Data items:
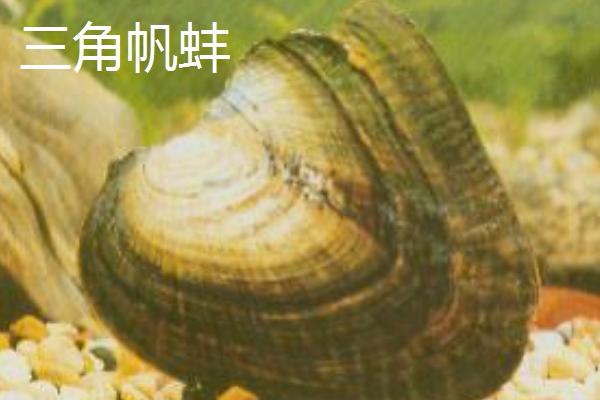 圆顶珠蚌的产地，主产于我国南北方地区的江河湖泊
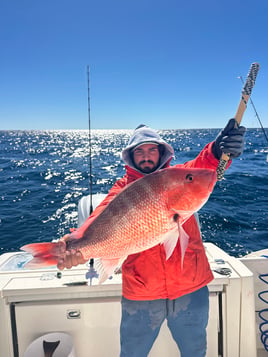 4-8 Hour Trip (Offshore)
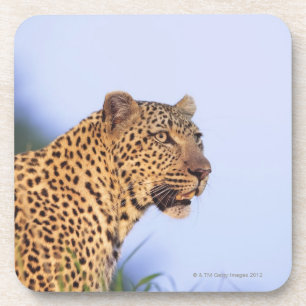 Porta-copo Leopardo do homem adulto (pardus do Panthera)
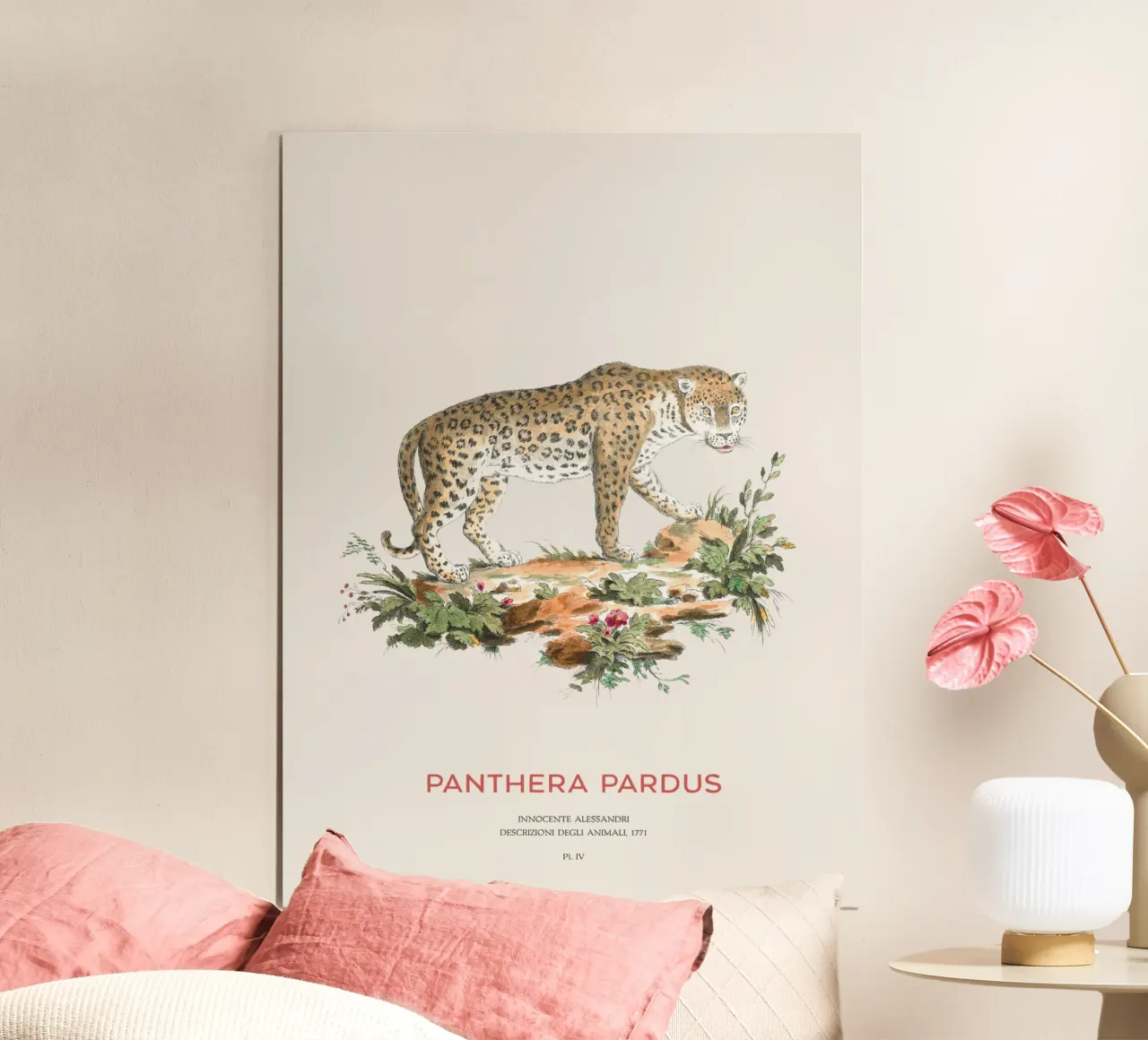 Der Leopard oder Panthera pardus Poster von Vintagrafica
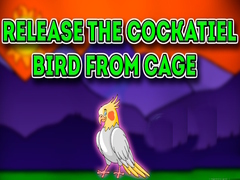 Oyun Release the Cockatiel Bird from Cage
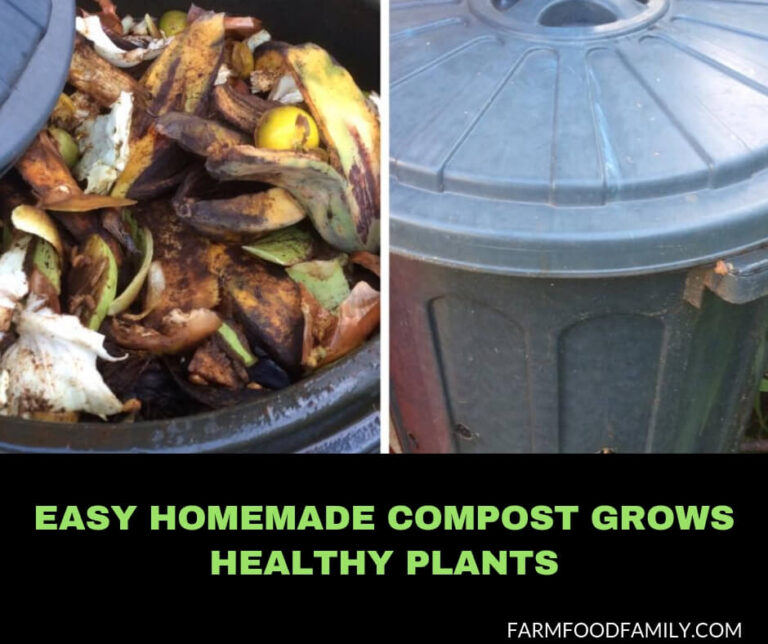 Easy Homemade Compost Grows Healthy Plants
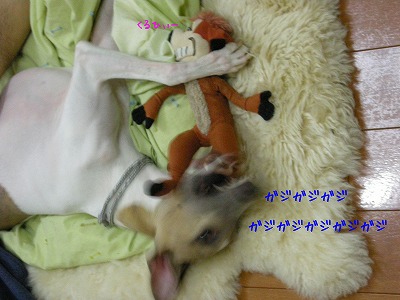 08041703.jpg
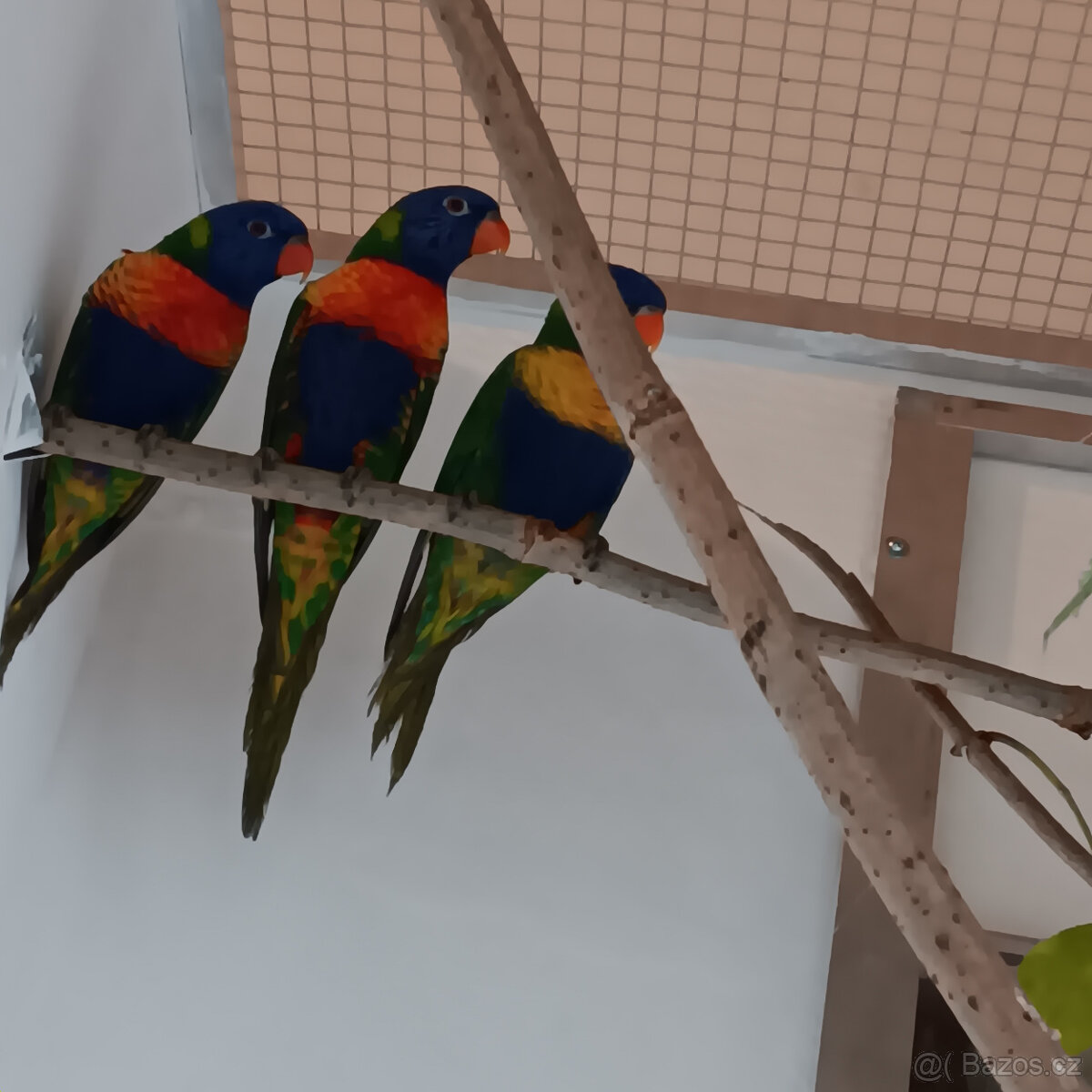 Lori mnohobarvý - 3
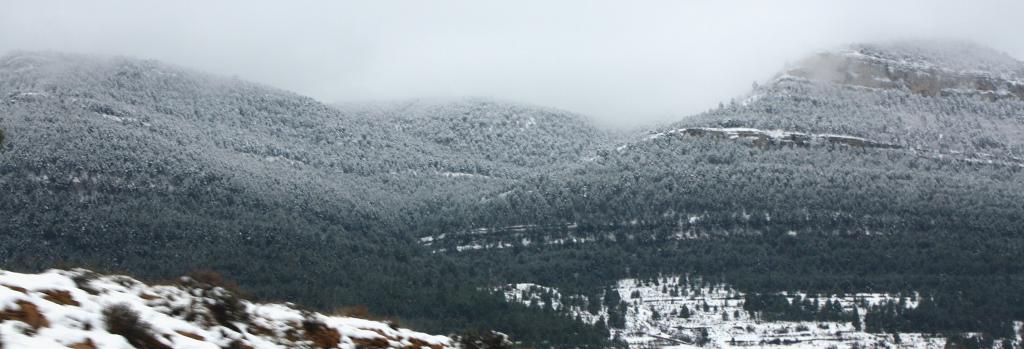 Foto de Sant Miquel de la Pobla (Castelló), España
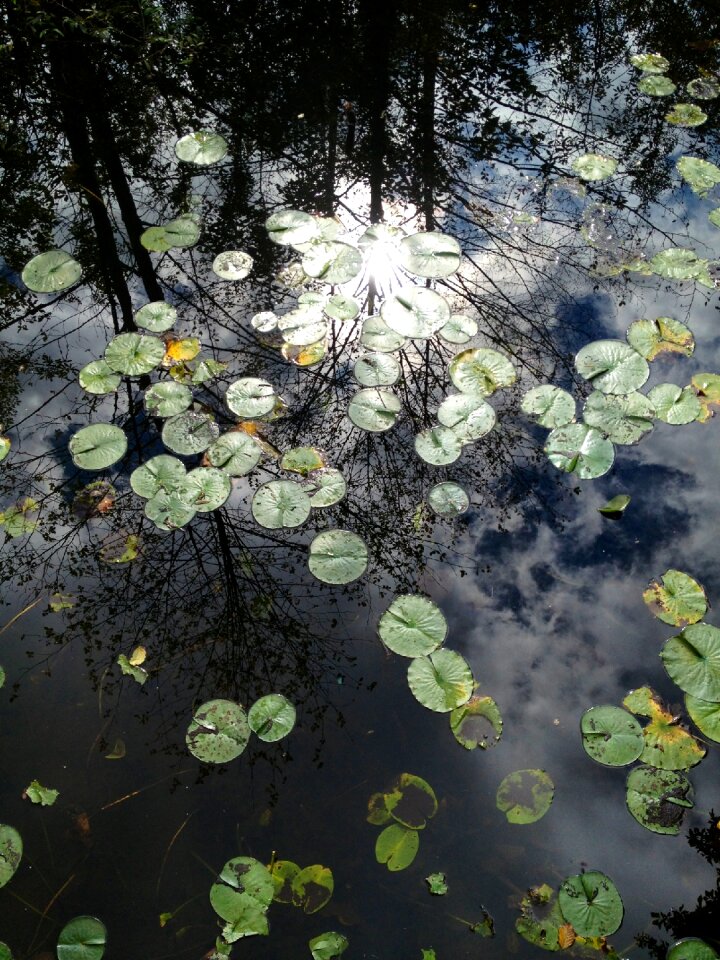 Nature reflection tranquil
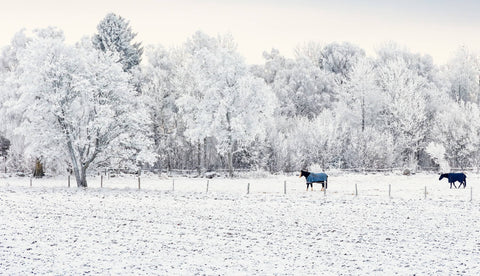Two horses standing in a snowy field with snow-covered trees in the background.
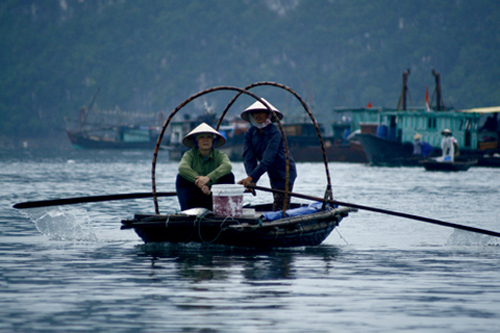 Với những người phụ nữ quanh năm đi biển, một bông hoa là món quà xa xỉ với họ.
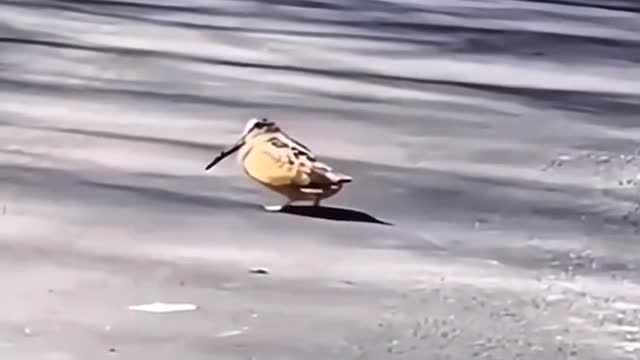 I see a bird with a sharp mouth. It's in the dance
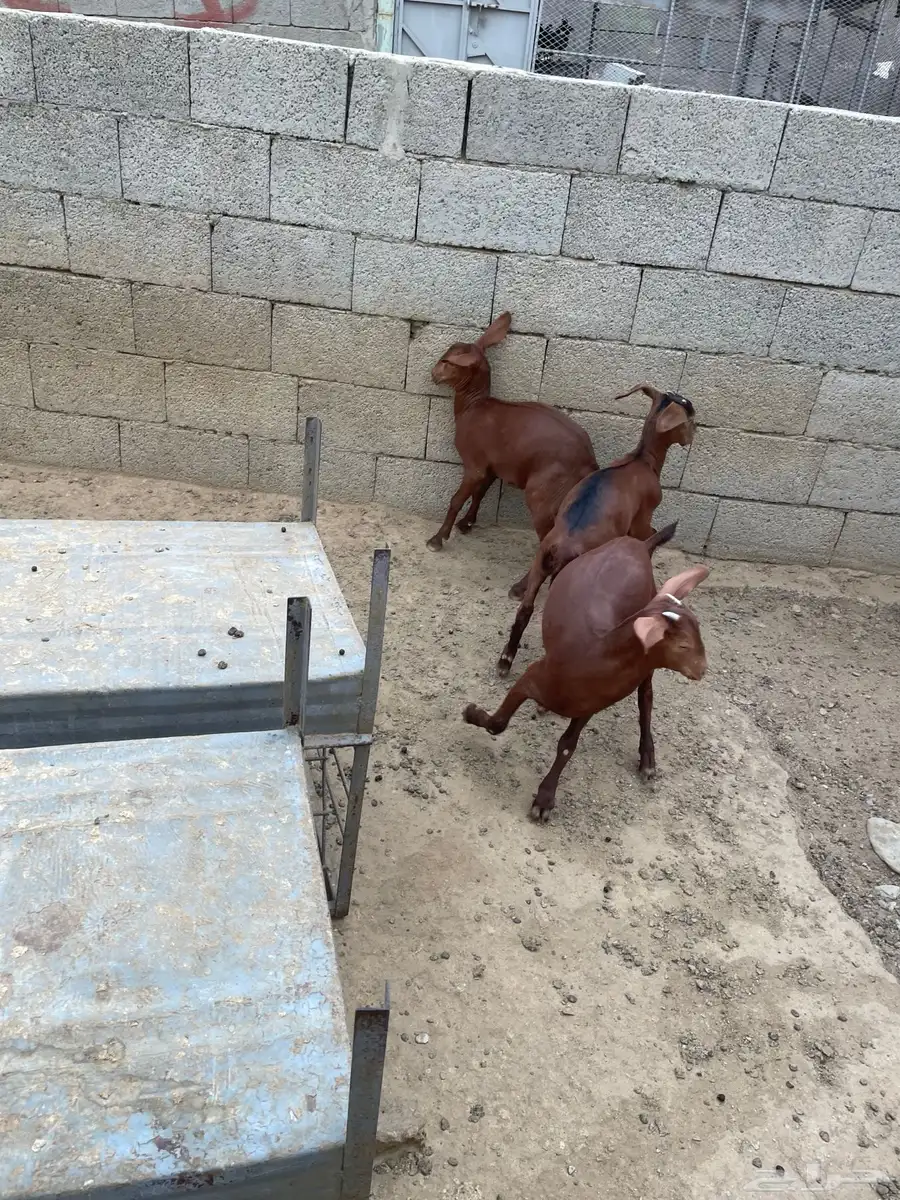 اعرض الكم بهم حنيذ و مضبي مشاوي 0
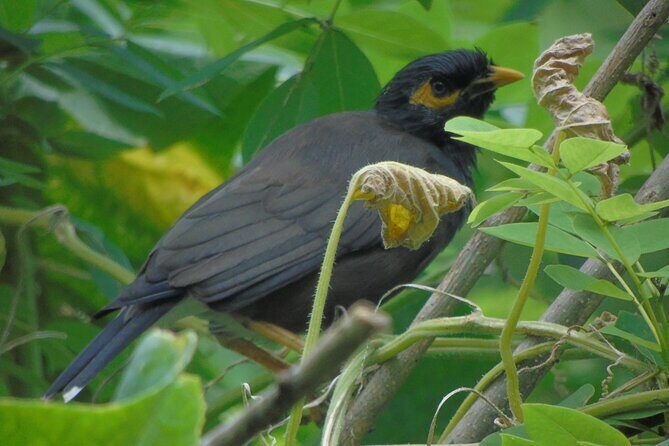 Sinharaja Rain Forest Tours (Full Day) - The Sum Up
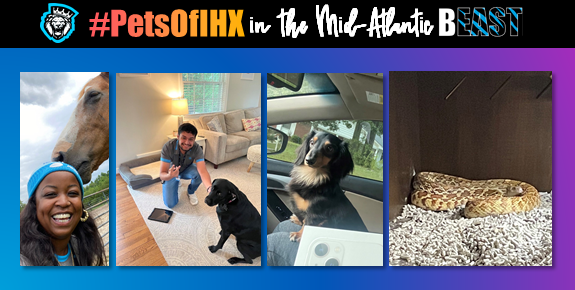 IHXBEAST's tweet photo. The #PetsOfIHX come in all shapes and sizes and are one of our favorite parts of the job. But we feel like something is missing! We need one of our bEAST Experts to send us a picture of a cat on your next dispatch (remember with permission only and no pictures of customers.) https://t.co/CFXJn91tQY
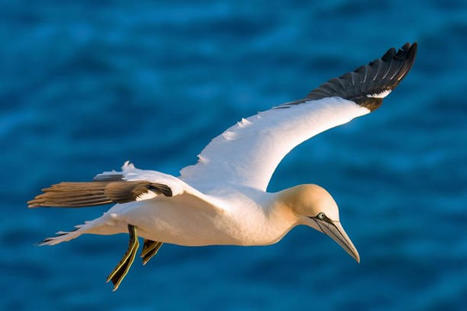 Une stratégie mondiale de suivi des oiseaux de mers ! | Biodiversité | Scoop.it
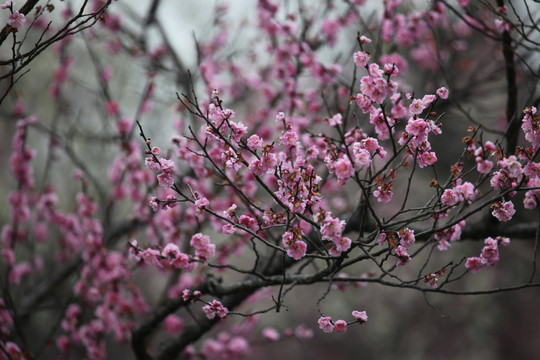 梅花 花 花卉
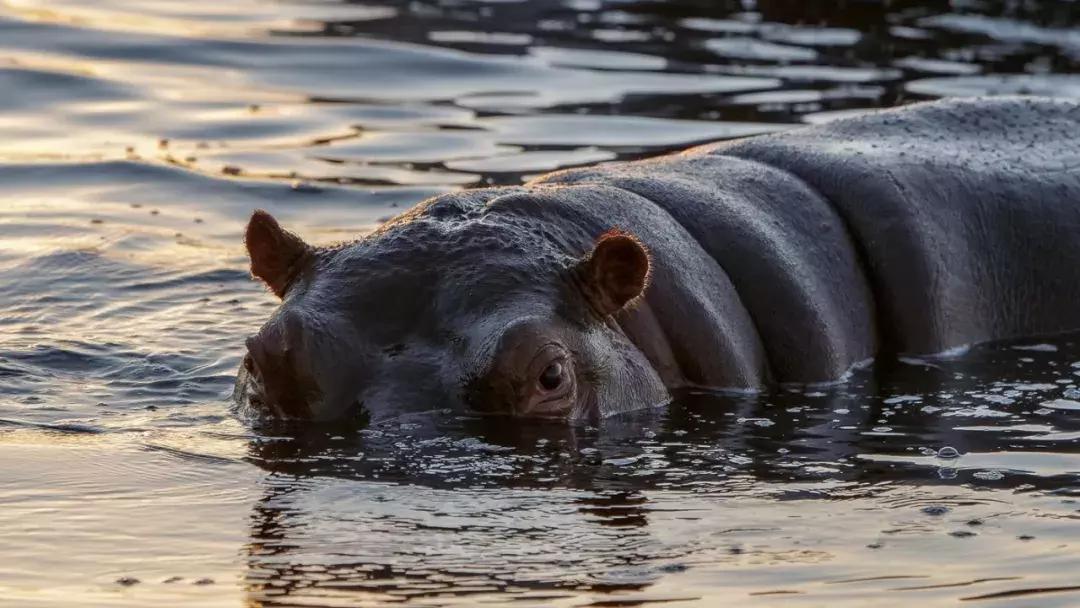 非洲河马钓鱼杀人，却反被人类逼成“脆弱”物种
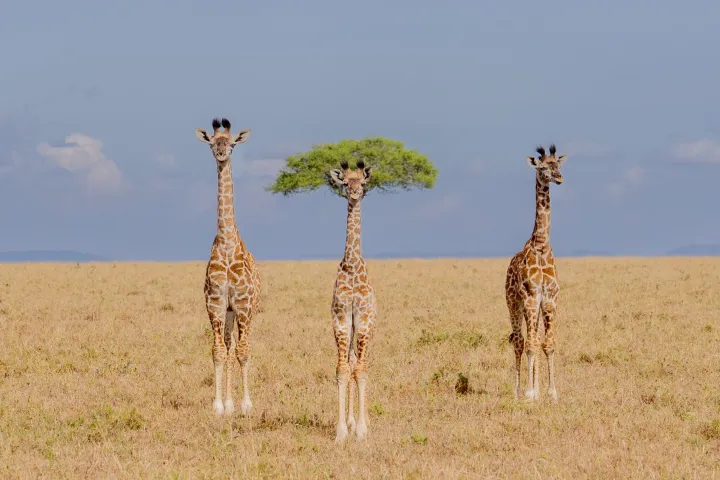 Tre giraffe nella savana; l'albero sullo sfondo sembra formare un'acconciatura afro sulla giraffa al centro.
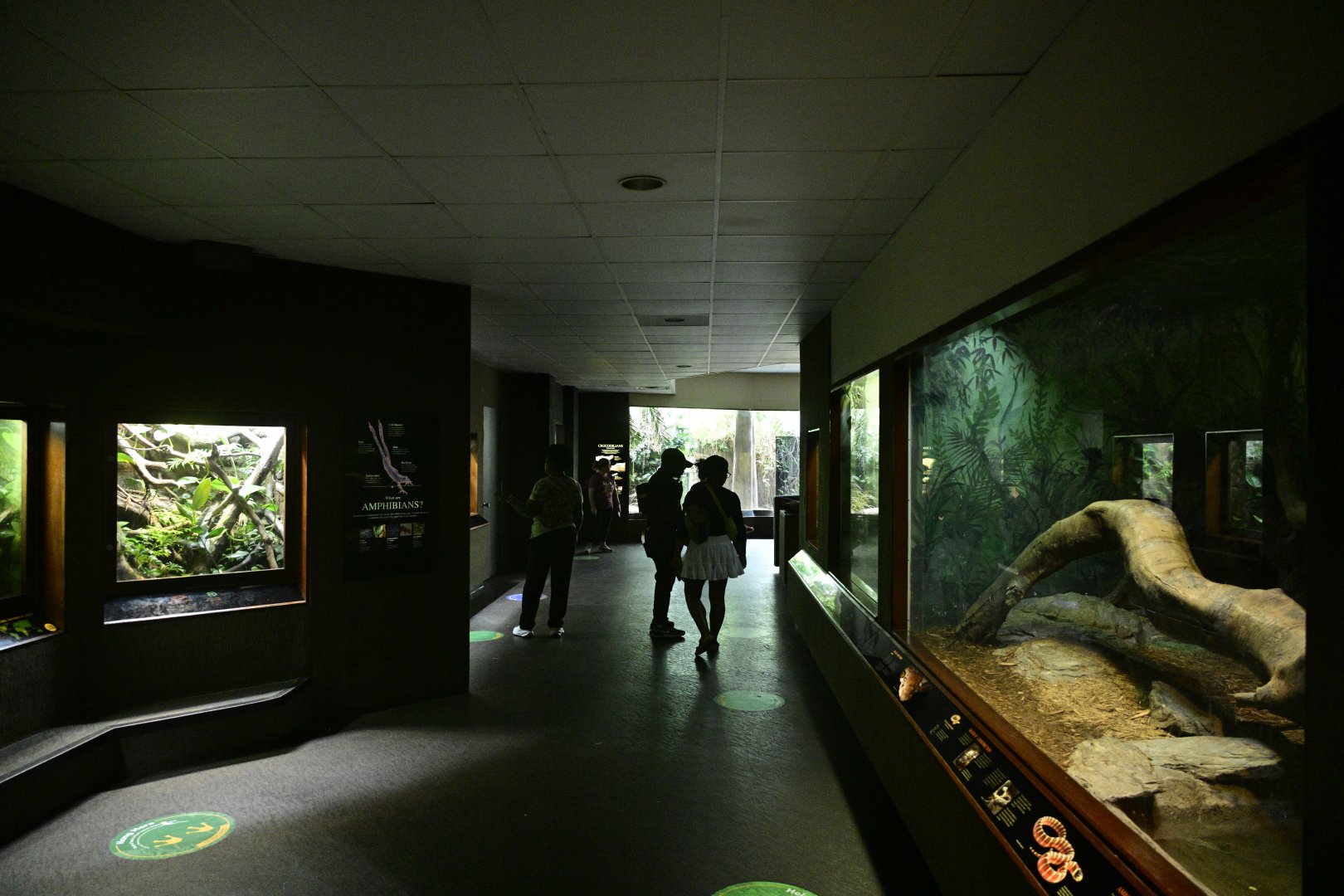 World of Reptiles - Interior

Work instructions: Take the line that contains "Two horses standing" and every line after it down to the last line of the entries above, and output them exactly, with nothing else and no pictures.

Output for this exercise:
Two horses standing in a snowy field with snow-covered trees in the background.
 Với những người phụ nữ quanh năm đi biển, một bông hoa là món quà xa xỉ với họ.
 I see a bird with a sharp mouth. It's in the dance
 اعرض الكم بهم حنيذ و مضبي مشاوي 0
 Sinharaja Rain Forest Tours (Full Day) - The Sum Up
 IHXBEAST's tweet photo. The #PetsOfIHX come in all shapes and sizes and are one of our favorite parts of the job. But we feel like something is missing! We need one of our bEAST Experts to send us a picture of a cat on your next dispatch (remember with permission only and no pictures of customers.) https://t.co/CFXJn91tQY
 Une stratégie mondiale de suivi des oiseaux de mers ! | Biodiversité | Scoop.it
 梅花 花 花卉
 非洲河马钓鱼杀人，却反被人类逼成“脆弱”物种
 Tre giraffe nella savana; l'albero sullo sfondo sembra formare un'acconciatura afro sulla giraffa al centro.
 World of Reptiles - Interior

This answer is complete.